Dedi menjelaskan, dari pola yang dimiliki jaringan-jaringan teroris, tahapan yang dilakukan Abu Rara baru berada di tahapan ketiga yang dinamakan dengan istilah taklim khusus.
Taklim khusus tersebut diistilahkan mereka sebagai tahapan orang-orang yang sudah mendapat penilaian cukup kuat dari tokoh perekrutnya untuk bergabung sebagai simpatisan.
Adapun tahapan pertama merupakan tahap perencanaan awal yang berupa membangun komunikasi intens baik langsung (verbal) maupun tidak langsung (melalui media sosial).
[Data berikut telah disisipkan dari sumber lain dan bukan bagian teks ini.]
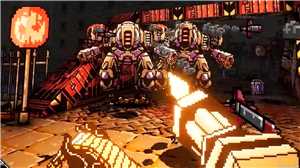 Download Project Warlock v1 0 0 2 1 game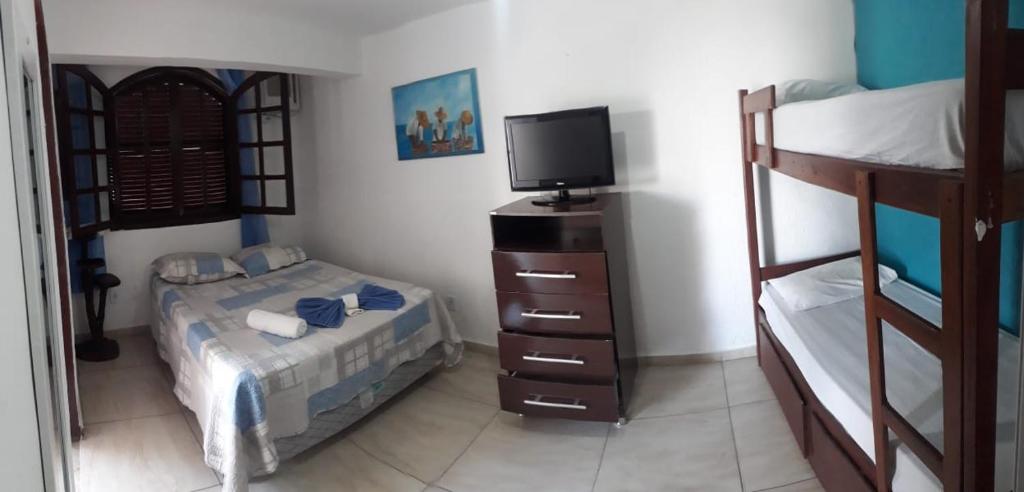  Mar dos Anjos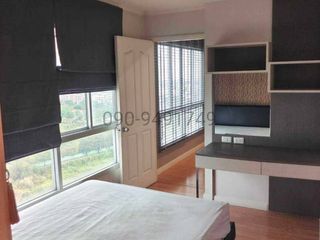 For rent 2 Beds condo in Pak Kret, Nonthaburi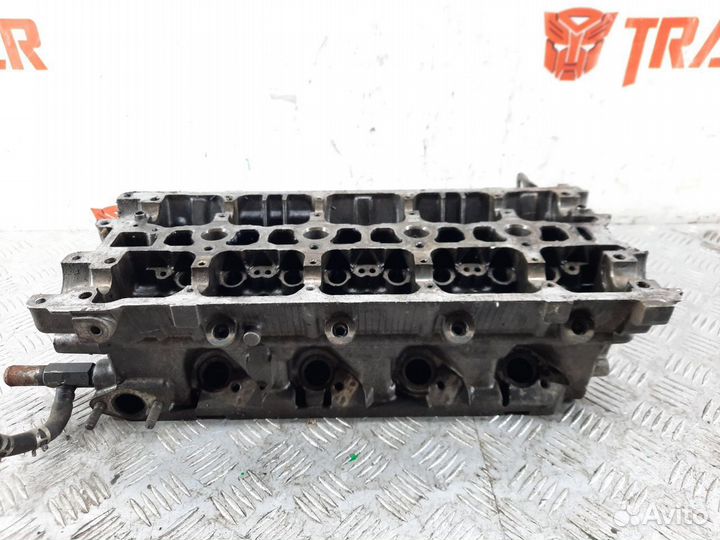 Головка блока цилиндров Митсубиши Галант GDI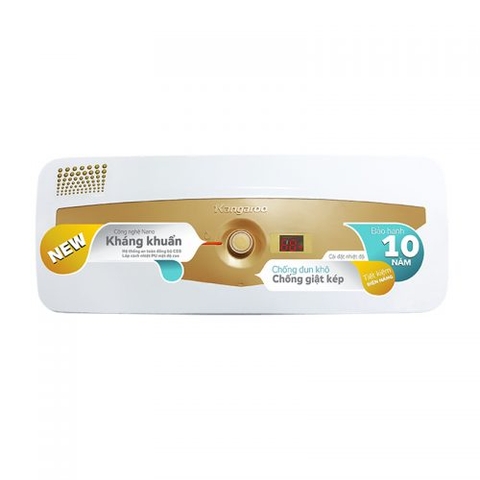 Bình nước nóng gián tiếp 30 lít KG69A3 | Hàng chính hãng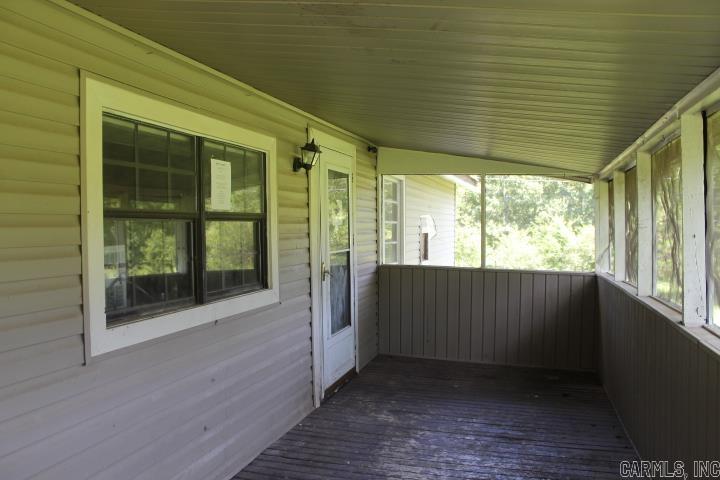 CANE CREEK MINI-FARMS - Residential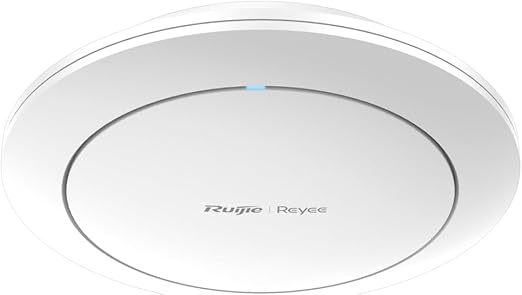 RG-RAP2266, Wi-Fi 6 AX3000 Indoor Ceiling-Mount Access Point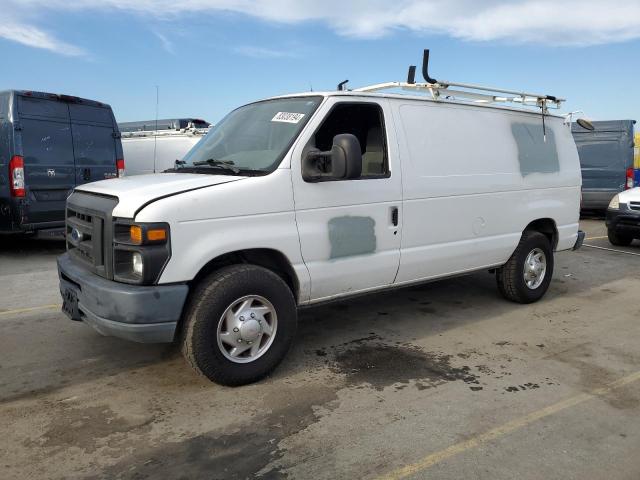 2010 FORD ECONOLINE #3028678723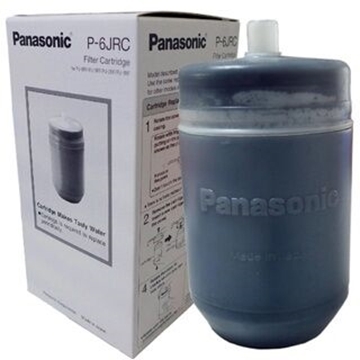 Picture of Panasonic P-6JRC Water Filter Replacement Element [Original Licensed]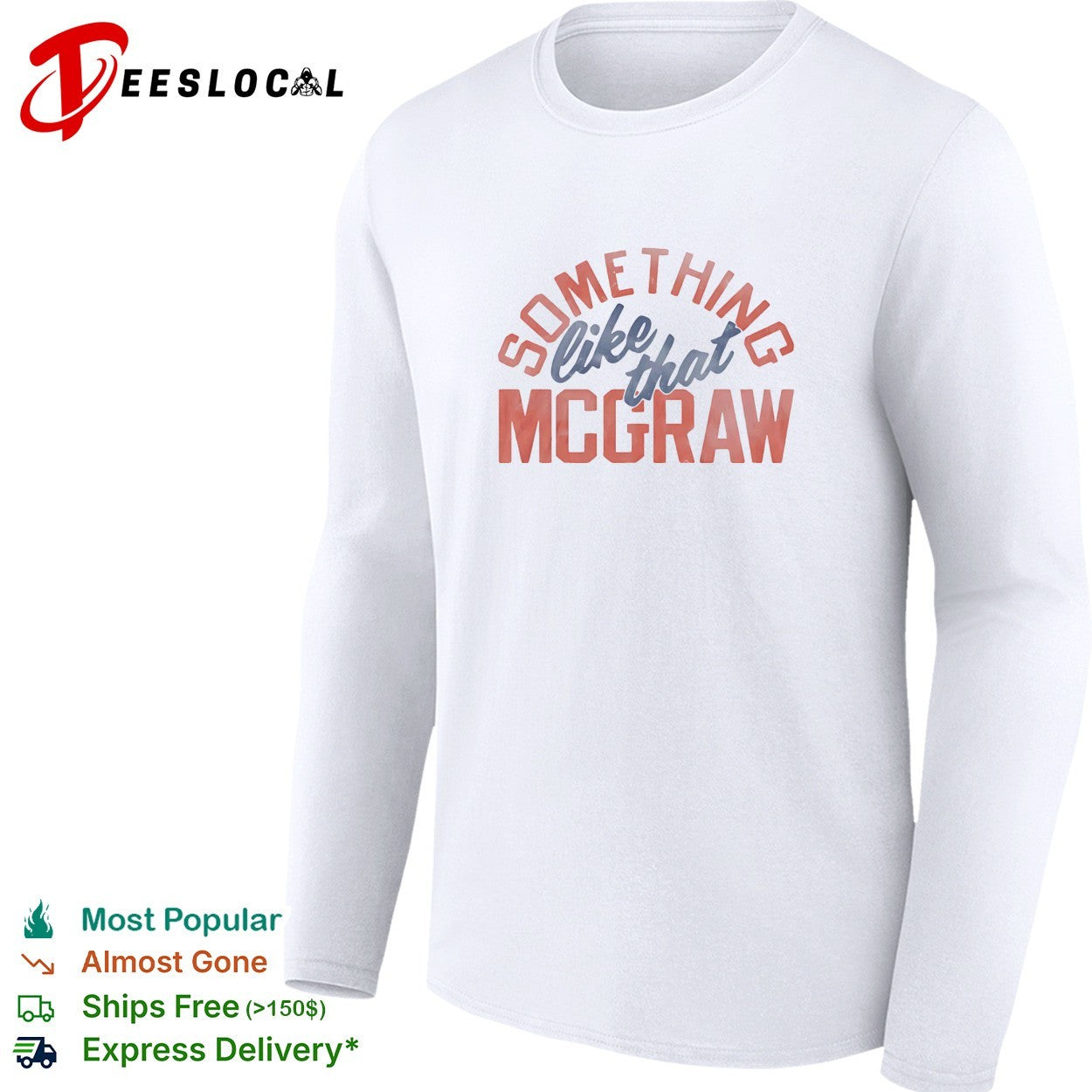 Tim McGraw something like that vintage shirt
"Di situ ada tokoh yang biasa rekrutmen kepada orang-orang yang memiliki simpati kepada perjuangan ISIS," kata dia.
Kemudian tahapan kedua diistilahkan mereka sebagai taklim umum, berupa ajaran-ajaran cara menyerang untuk mematangkan sisi mental dan spiritual yang bersangkutan.
Selanjutnya, ada dua tahapan lainnya yang harus mereka lalui agar bisa melakukan aksi penyerangan mereka kepada target, dalam hal ini adalah pemerintah dan kepolisian.
Fakta terbaru ternyata penusukan Wiranto pada Kamis (10/10/2019) oleh pelaku Abu Rara secara spontan.
Bahkan pelaku juga tak mengetahui bahwa yang ditusuknya adalah Wiranto.
"Tindakan serangan SA, sifatnya spontan.
Dia sudah punya framing, sasaran dia (pemerintah atau polisi) dan mengatakan tidak tahu siapa (yang ditusuk)," kata Dedi.